Some data may contain personal or other sensitive information that should not be readily accessible. For example, open data that contains the location of a rare plant or species at risk may further endanger that species if others are able to locate it. We should also consider personal information that may be available when collecting data and whether it is ethical to share that information widely. Consultation with a Research Ethics Board may be necessary before making personal information open. In Canada, the Tri-Council Policy Statement on the Ethical Conduct for Research Involving Human (TCPS-2) provides guidelines for research and the use of research data.

There are methods to de-identify data and repositories may offer options to keep the data closed or embargoed. Good data documentation (i.e., metadata) will protect sensitive data while still making it valuable to others. Even in cases where data can’t be openly shared (due to ethical or privacy issues), a best practice is to let others know the data exists by creating a description of your data and using a metadata standard so others can find it, cite it, and request access, if that is an option. 

Policy and Open Data

Open data may be required by granting agencies or journals as part of their agreement for funding or publication.
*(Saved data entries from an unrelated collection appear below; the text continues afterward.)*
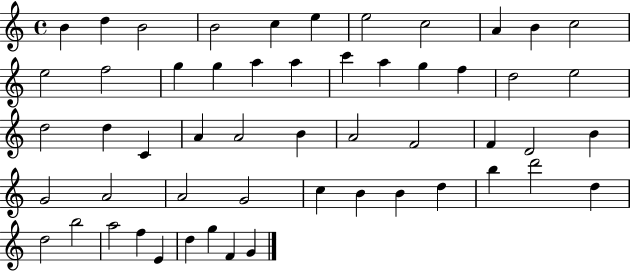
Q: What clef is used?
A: treble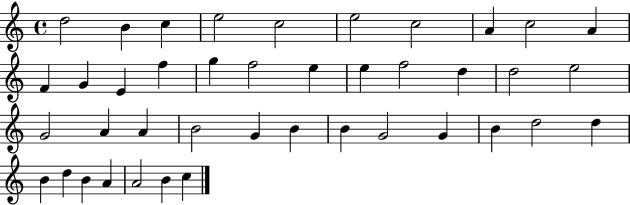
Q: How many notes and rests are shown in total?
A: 41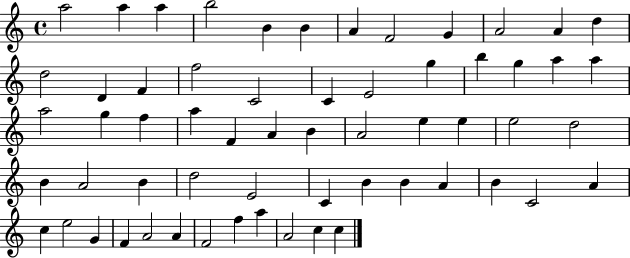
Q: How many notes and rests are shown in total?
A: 60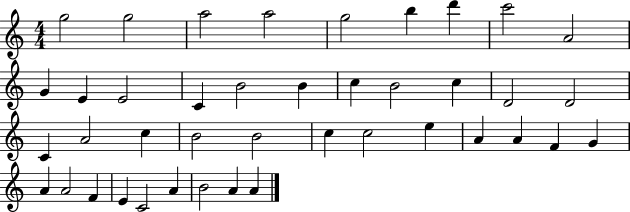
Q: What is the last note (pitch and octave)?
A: A4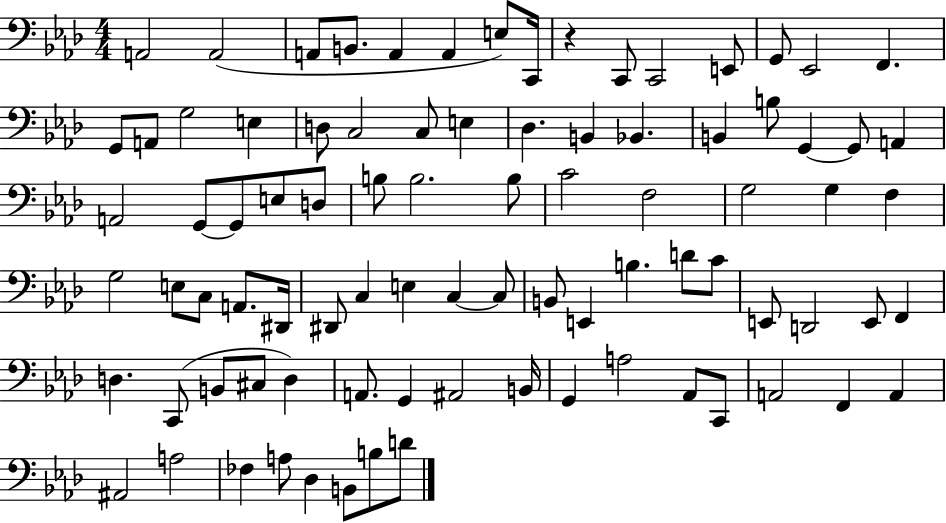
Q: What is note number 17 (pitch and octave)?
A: G3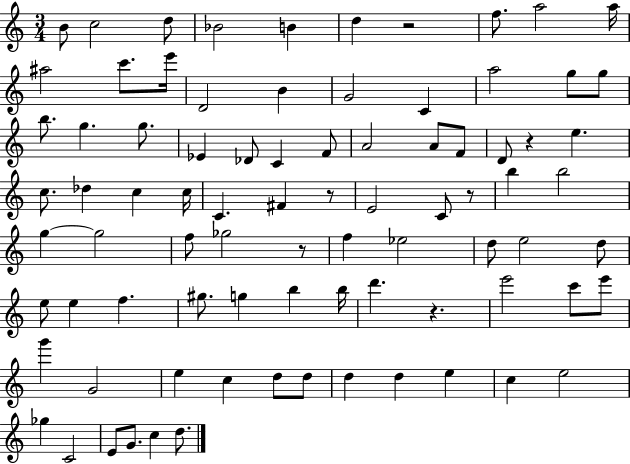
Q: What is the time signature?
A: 3/4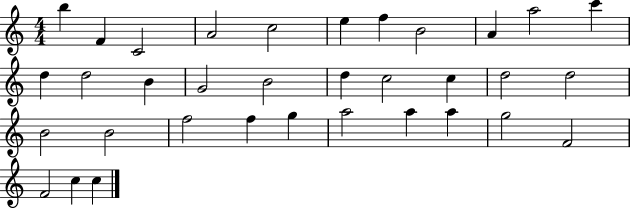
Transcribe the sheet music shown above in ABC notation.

X:1
T:Untitled
M:4/4
L:1/4
K:C
b F C2 A2 c2 e f B2 A a2 c' d d2 B G2 B2 d c2 c d2 d2 B2 B2 f2 f g a2 a a g2 F2 F2 c c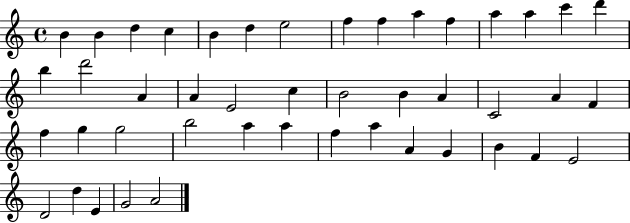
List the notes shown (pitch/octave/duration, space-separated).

B4/q B4/q D5/q C5/q B4/q D5/q E5/h F5/q F5/q A5/q F5/q A5/q A5/q C6/q D6/q B5/q D6/h A4/q A4/q E4/h C5/q B4/h B4/q A4/q C4/h A4/q F4/q F5/q G5/q G5/h B5/h A5/q A5/q F5/q A5/q A4/q G4/q B4/q F4/q E4/h D4/h D5/q E4/q G4/h A4/h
For example, in Canada, the Tri-Agency Statement of Principles on Digital Data Management stipulates that, “research data collected with the use of public funds belong, to the fullest extent possible, in the public domain and available for reuse by others.” Read the Tri-Agency Research Data Management Policy and reflect on how this might impact how you manage your data.

Some publishers are also requiring open data and have various policy requirements in place. There are now journals entirely dedicated to publishing data from all domains, such as Scientific Data and the Research Data Journal for the Humanities and Social Sciences. The Transparency and Openness Promotion guidelines outline standards journals may adopt to demonstrate how the journal has introduced open practices.